- Recorded data
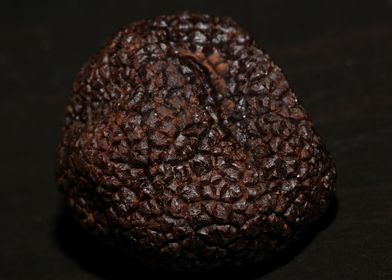 Black winter truffes macro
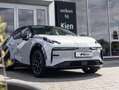 Zeekr X RWD Long Range 69 kWh Grau - thumbnail 20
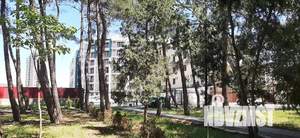 1-к квартира, посуточно, 36м2, 3/7 этаж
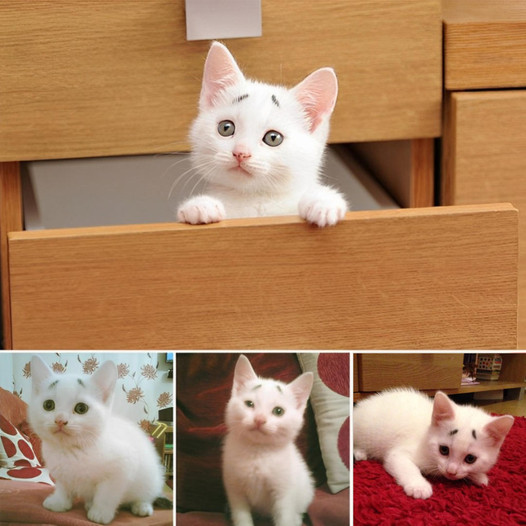 An 8-week-old kitten has had permanently worried-looking eyebrows since birth.fat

- Work instructions
Each line from the one with "Zeekr X RWD" to the final line of the data above is to be printed exactly; no picture should appear in the copy.

- Exercise result
 Zeekr X RWD Long Range 69 kWh Grau - thumbnail 20
 1-к квартира, посуточно, 36м2, 3/7 этаж
 An 8-week-old kitten has had permanently worried-looking eyebrows since birth.fat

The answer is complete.